II. Sequence counting

$cp ../Day2/Test.fq.gz ./
$zcat Test.fq.gz

(a) Sequence Counting
	$zcat Test.fq.gz | wc -l
	$zcat Test.fq.gz | grep -c "^@ERR"

III. Nucleotide sequence extraction and counting

cut : used to cutting out the sections from each line of files for data processing

Paste : Use to merge file content

Wc : to count Words and line

cut : used to cutting out the sections from each line of files for data processing
Syntax : cut OPTION... [FILE]...
Options Description
	-b : To cut by bytes, with the list of byte numbers separated by comma or range by -
	-c : To cut by character, with the list of byte numbers separated by comma or range by -
	-f : To cut by field, with the list of byte numbers separated by comma or range by -
	-d : cut by delimiter
       
        $cp ../Day2/id.txt ./
	$cat id.txt
	$less id.txt |cut -b 1-3		$less id.txt |cut -b 3-6
	$less id.txt |cut -b -3			$less id.txt |cut -b 3-
	$less id.txt |cut -d “_” -f 1		$less id.txt |cut -d “_” -f 2
	$less id.txt |cut -d “_” -f 1,2		$less id.txt |cut -d “_” -f 1-2



Paste : Use to merge file content
Syntax : paste [-d/s] file1 file2
Options Description
	-d : To define delimiter for joining 
	-s : To join file content horizontally

        $cp ../Day2/family.txt ./
	$cat id.txt			 $cat family.txt
	$paste id.txt family.txt	 $paste –d “|” id.txt family.txt
	$paste -s id.txt family.txt 	 $cat id.txt family.txt |paste - - -



Wc : to count Words and line
Syntax : wc [-l/w/c]... [FILES]...
Options Description
	-l : To get line number only
	-w : To get words only
	-c : To get character only
	-L: to print out the length of the longest line

        $less id.txt|wc 
        $less id.txt|wc -l
        $less id.txt|wc -c
	


Back to the original Objective ....

b) Extraction of the nucleotide sequence and count
	$zless Test.fq.gz |paste - - - -|cut -f 2|tr -d '\n'|wc
        $cp ../Day2/Test.fa ./
	$less Test.fa| grep -c \>
        $less Test.fa| grep -v \>|wc -l

grep : global regular expression print

sort: Use to sort file content line by line

uniq : used to reports or filter out repeated lines in a file line by line

sed: used to report or filter out repeated lines in a file line by line

grep : global regular expression print
Syntax:    grep [options] pattern [files]
Options Description
	-c : Prints only a count of the lines that match a pattern
	-n : Display the matched lines and their line numbers.
	-w : Match whole word
	-v : Prints out all the lines that do not matches the pattern
	-A : Print number of line after pattern matching
	-B : Print number of line before pattern matching
	-f : Takes patterns from file, one per line.
	-i : Ignores, case for matching (for non-case sensitivity )

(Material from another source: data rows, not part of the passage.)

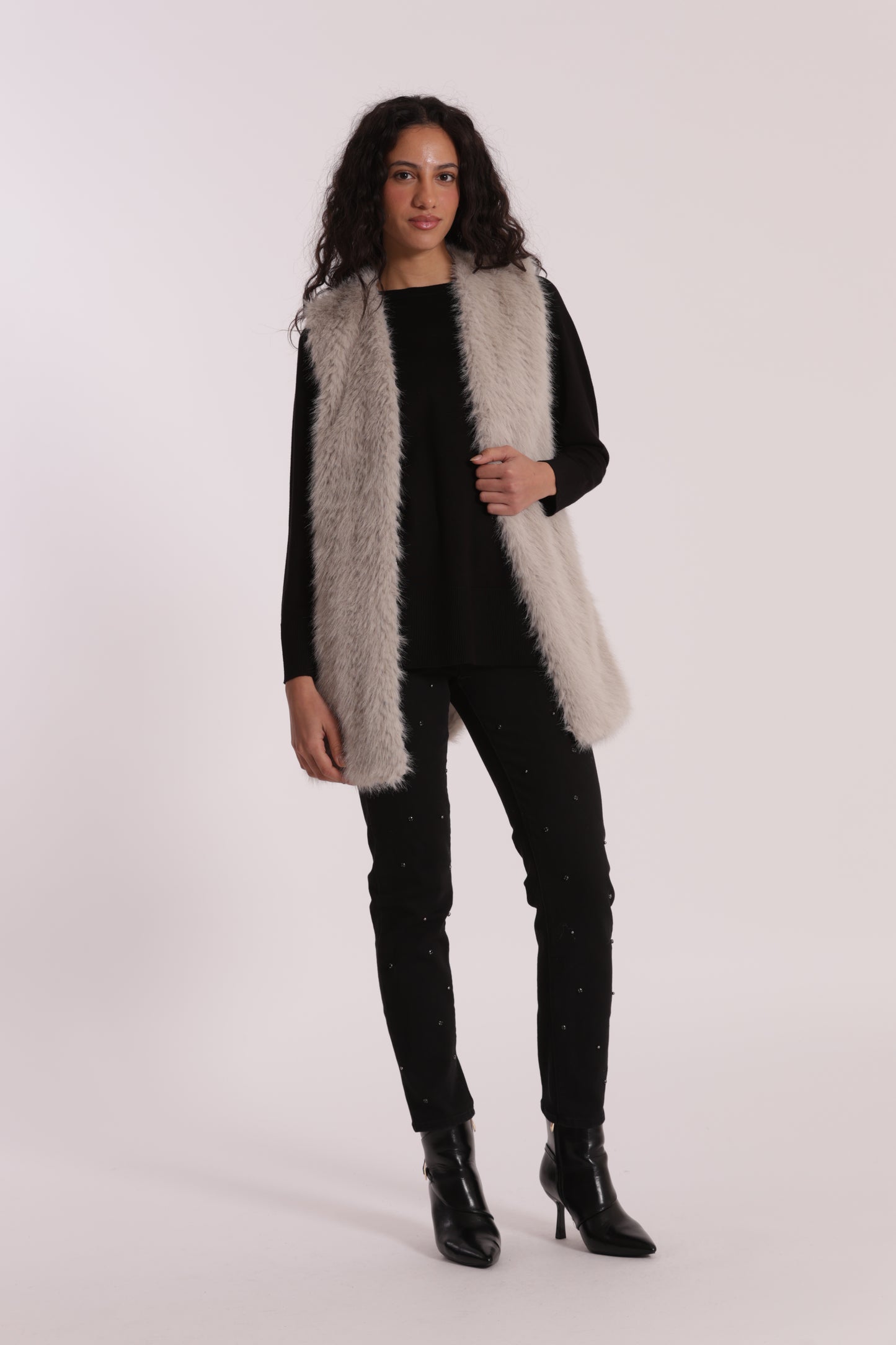 GILET LUNGO EFFETTO MONTONE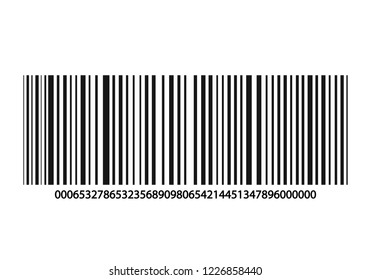 Barcode or Strip Code Data, Information, Price and Identification Product. Vector illustration
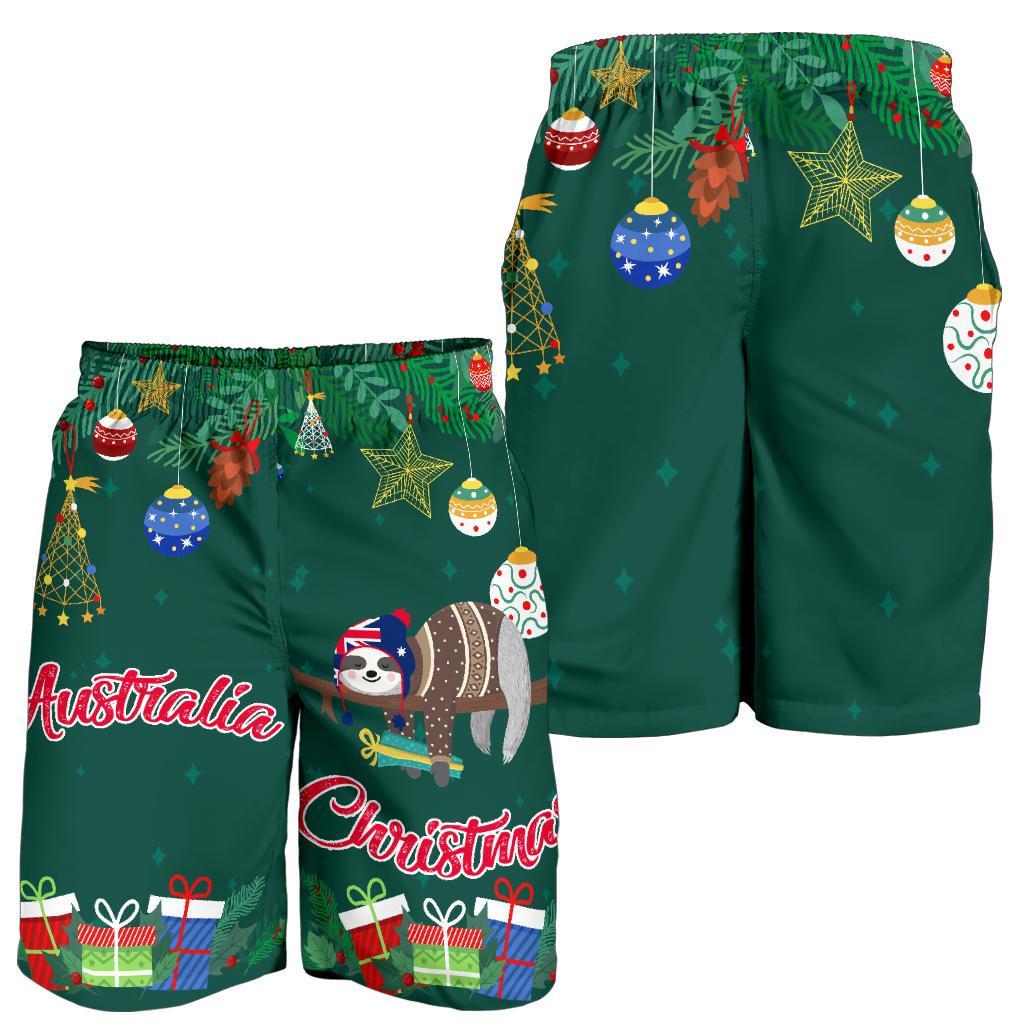 christmas-mens-shorts-green-merry-christmas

	$less Test.fa|grep -c "Seq“
	$less Test.fa|grep -ci "Seq“
	$less Test.fa|grep -in "Seq“
	$less Test.fa|grep -inw "Seq“
		$less Test.fa|grep  "Seq" -A 1 (Troubleshooting)
		$less Test.fa|grep  "Seq" -B 1  (Troubleshooting)

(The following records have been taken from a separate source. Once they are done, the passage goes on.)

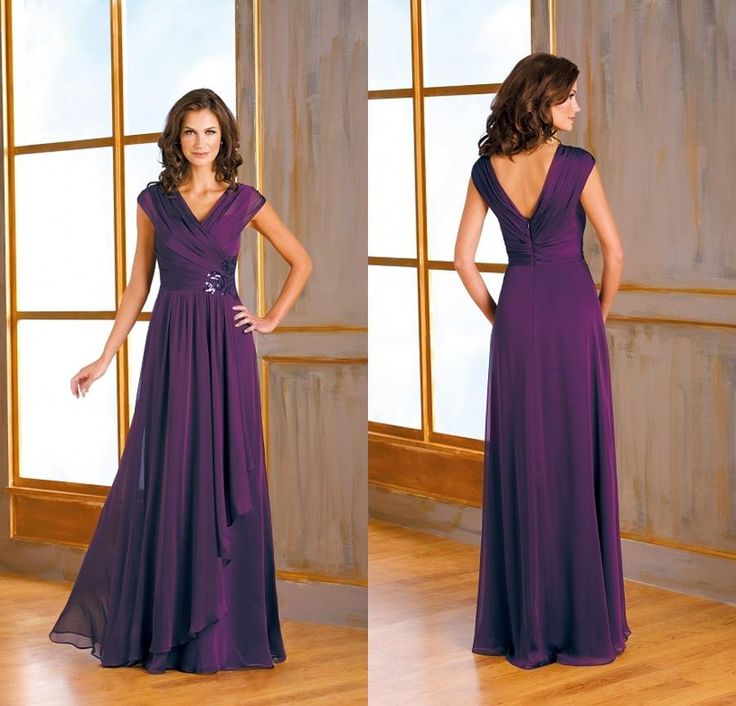 Dark Purple Mother Of The Bride Dresses References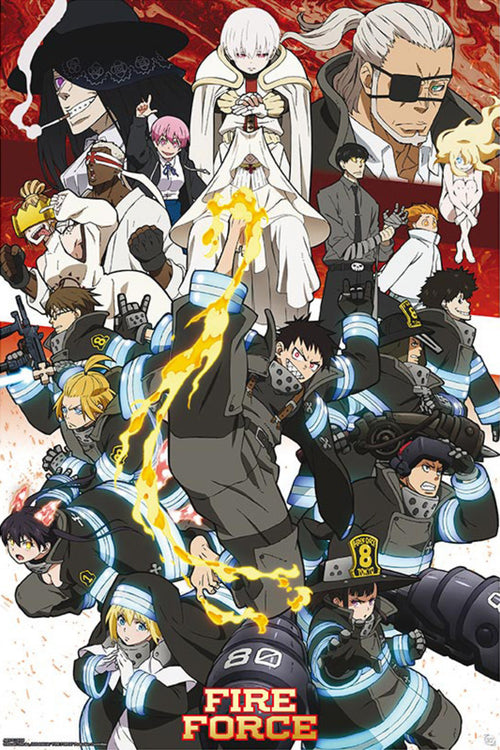 Gbeye GBYDCO110 Fire Force Key Art Season 2 Poster 61x 91-5cm | Yourdecoration.co.uk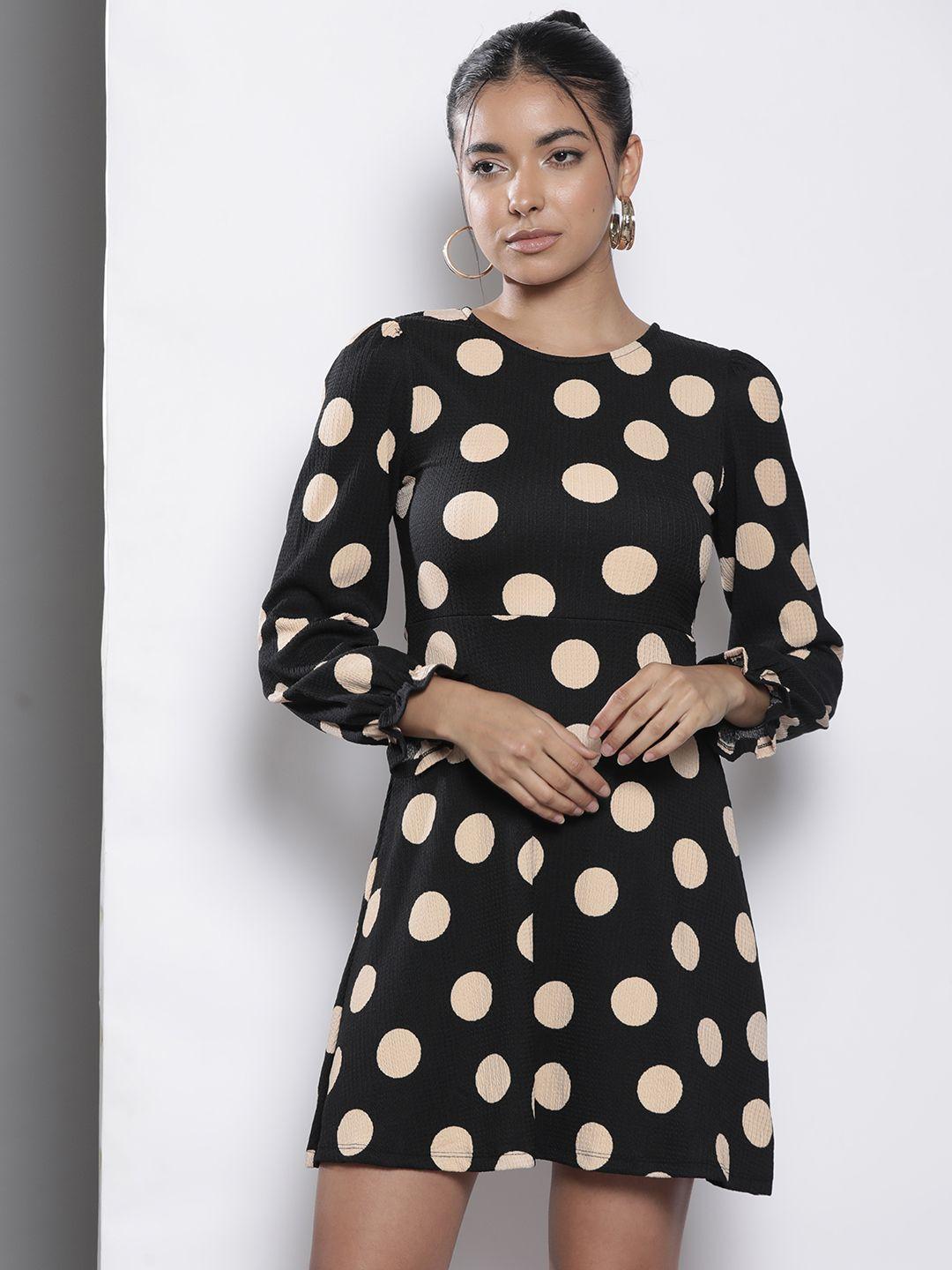 dorothy perkins polka dot print petite a-line mini dress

sort: Use to sort file content line by line
Syntax : sort [-n/r/k] <file_name>
Options Description
	-r: reverse the result of comparisons
	-k: KEYDEF gives location and type
	-n: compare according to string numerical value
	-b: ignore leading blanks

         $cp ../Day2/Features.txt ./
	 $cat Features.txt		 $cat Exon.txt 
	 $cat Features.txt|sort		 $cat Exon.txt|sort 
	 $cat Exon.txt|sort -n 		 $cat Exon.txt|sort -n -k 2 
	 $cat Exon.txt|sort -n -k 2 -r 

	

uniq : used to reports or filter out repeated lines in a file line by line
Syntax : uniq [options] [files]
Options Description
	-c : prints how many times a line was repeated by displaying a number
	-d : prints the repeated lines and not the lines which aren’t repeated
	-i : ignore case.
	-u : print only unique lines. 	

          $cp ../Day2/Exon.txt ./
          $cat Exon.txt			 	         $cat Exon.txt|uniq
          $cat Exon.txt|cut -d " " -f 1 |uniq		 $cat DATA/Exon.txt|cut -d " " -f 2 |uniq
          $cat Exon.txt|cut -d " " -f 2 |sort|uniq	 $cat Exon.txt|cut -d " " -f 1 |sort|uniq –c
          $cat Exon.txt|cut -d " " -f 1 |sort|uniq –u	 $cat Exon.txt|cut -d " " -f 1 |sort|uniq -d




Fold (to break lines)
Syntax: fold [options] [files]
Options Description
  	-s: break at spaces
  	-w: use columns WIDTH
	
        $less Exon.txt|fold -w 1|sort|uniq -c 




Syntax : sed "s/<pattern to match>/<pattern to replace with>/<options>"
Options Description
	g- Global match - Replace more than one hit.
	i- Case-insensitive match

        $cat Filename|sed  ‘s/Patternfor matching/,/Replacement Pattern/p' 
        $cat Filename|sed -n '/PatternStart/,/PatternEnd/p' 

        $cat Exon.txt
        $cat Exon.txt|sed 's/exon/mRNA/'



back to original objective .........


c) Composition of nucleotides of A/T/G/C
	$zless Test.fq.gz|paste - - - -|cut -f 2|tr -d '\n'|fold -w 1|sort|uniq -c 
	$less Test.fq |paste - - - -|cut -f 2|tr -d "\n"|sed 's/.../&\n/g'

Its time for some mathematics

d) AT/GC % ;Tm?

$zcat ../Day2/Test.fq.gz |paste - - - -|cut -f 2|tr -d '\n'|fold -w 1|sort|uniq -c |grep A|sed 's/  //g'|cut -d " " -f 1

Saving output in a variable by using backtick (symbol on Esc key)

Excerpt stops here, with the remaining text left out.